_WHAT IS BEING ASKED_
Pictures stay out of the output. Return exactly the lines below from the one with "Maison - 162 m² - 8 pièces" down to the one with "Gelvis Solano Antarkan", both included, and nothing more.

_DATA SUPPLIED_

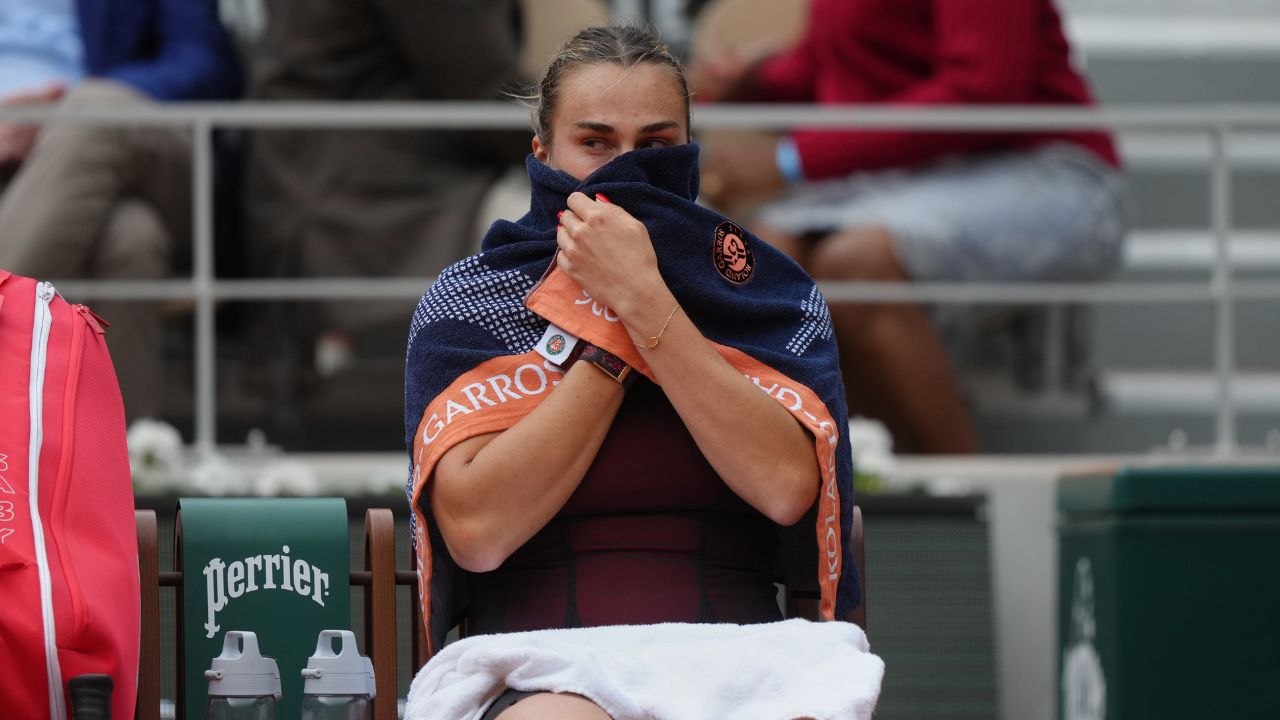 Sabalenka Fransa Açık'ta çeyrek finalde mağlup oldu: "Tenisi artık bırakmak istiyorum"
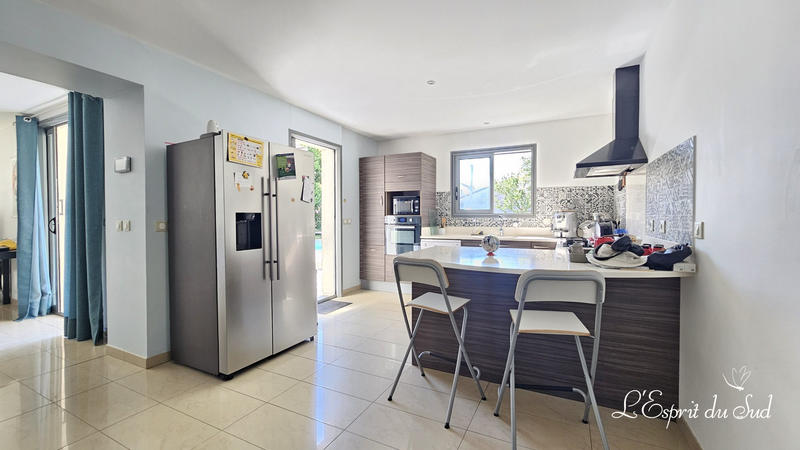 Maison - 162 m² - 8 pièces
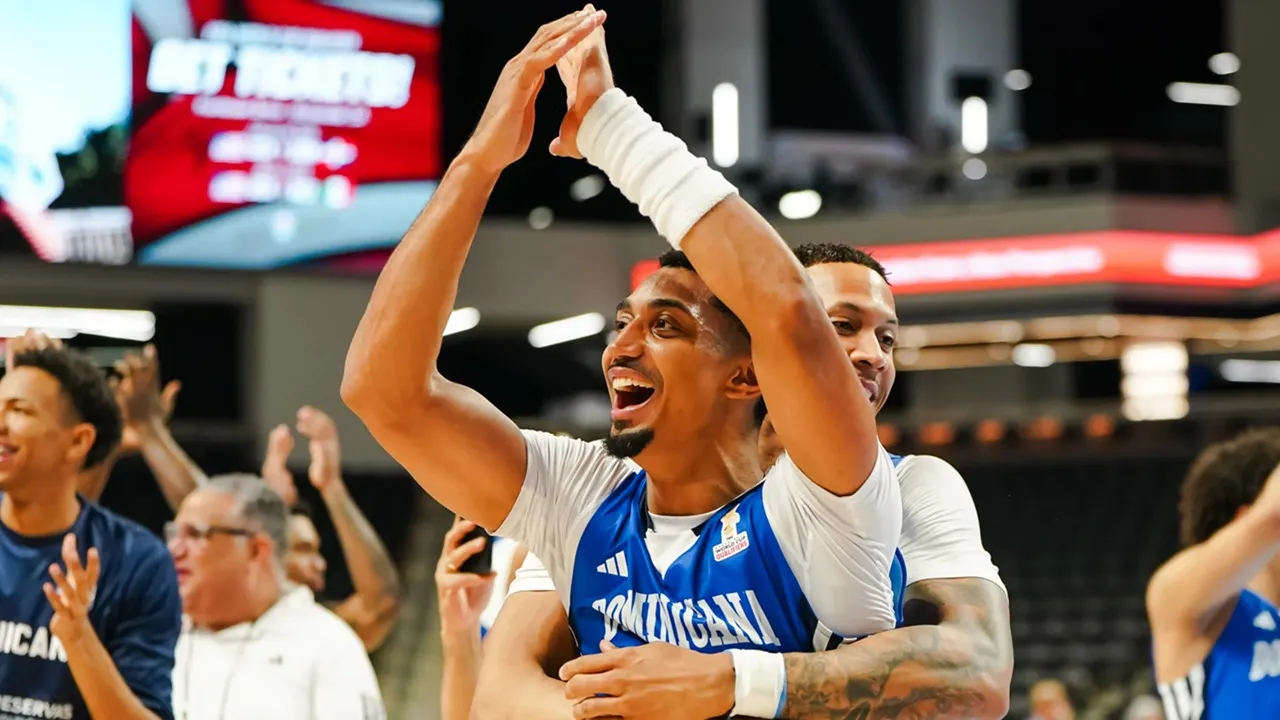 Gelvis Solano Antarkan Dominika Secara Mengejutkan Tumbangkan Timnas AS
---
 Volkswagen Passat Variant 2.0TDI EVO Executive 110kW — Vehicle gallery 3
---
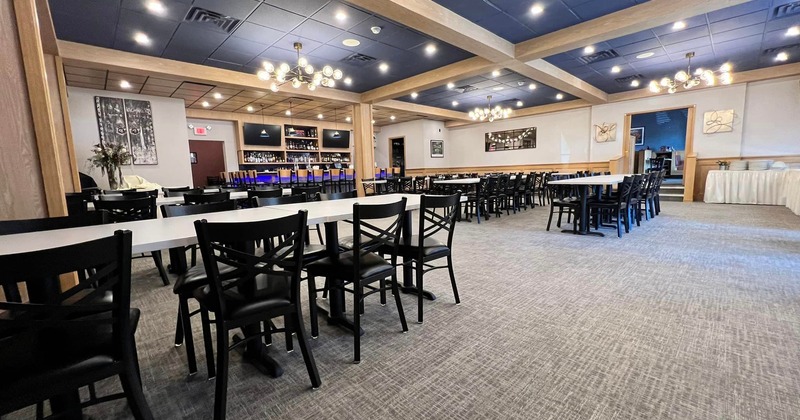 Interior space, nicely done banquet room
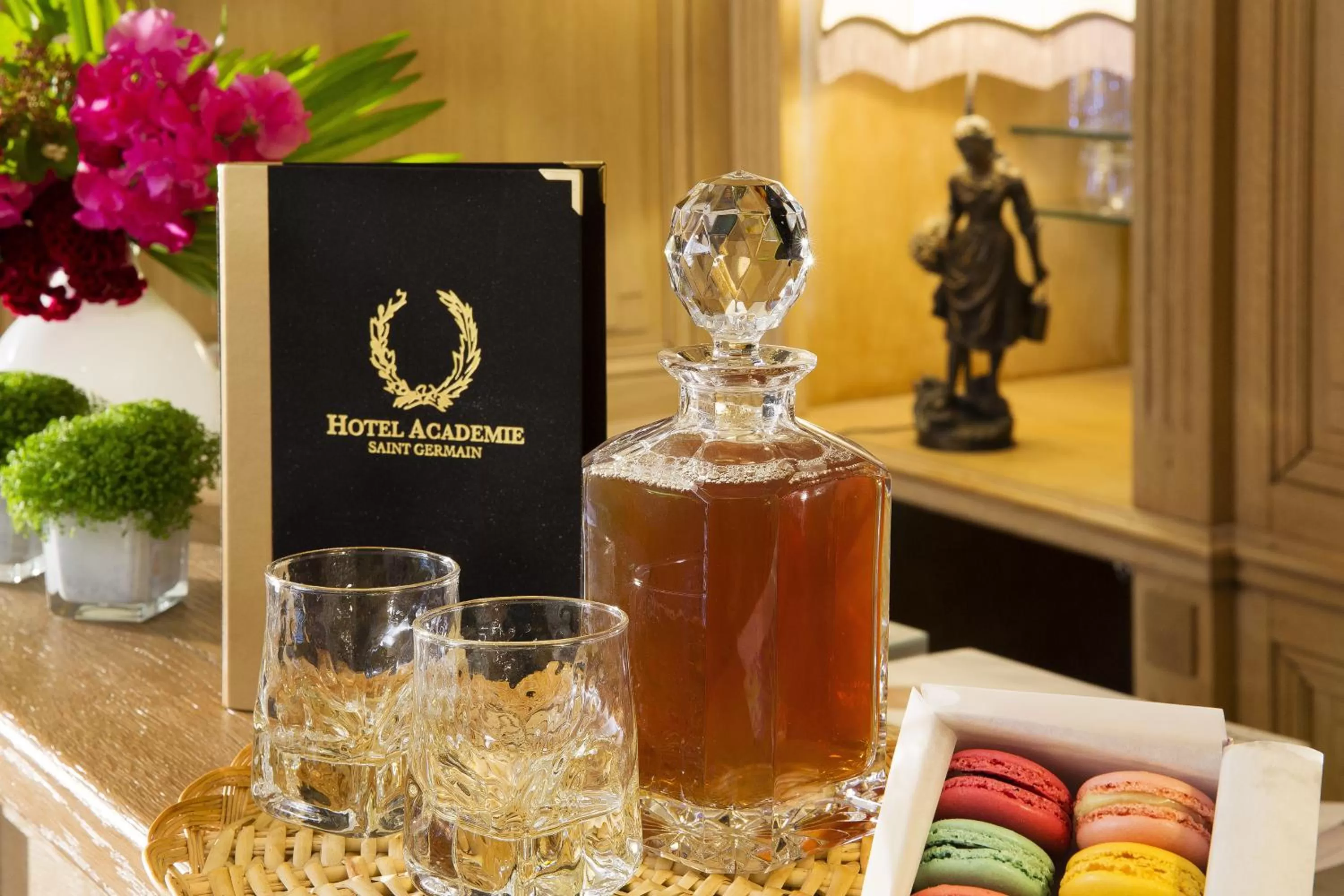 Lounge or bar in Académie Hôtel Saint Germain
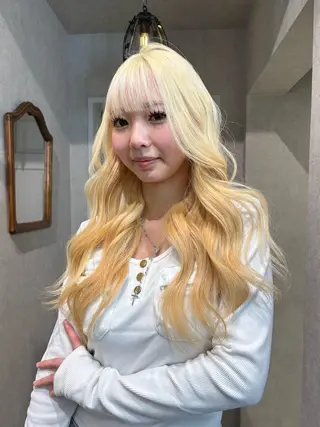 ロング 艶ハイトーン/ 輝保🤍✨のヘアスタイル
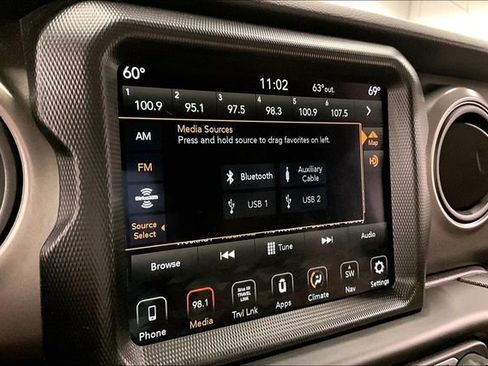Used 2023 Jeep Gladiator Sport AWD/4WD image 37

_RESPONSE TO THE EXERCISE_
 Maison - 162 m² - 8 pièces
 Gelvis Solano Antarkan Dominika Secara Mengejutkan Tumbangkan Timnas AS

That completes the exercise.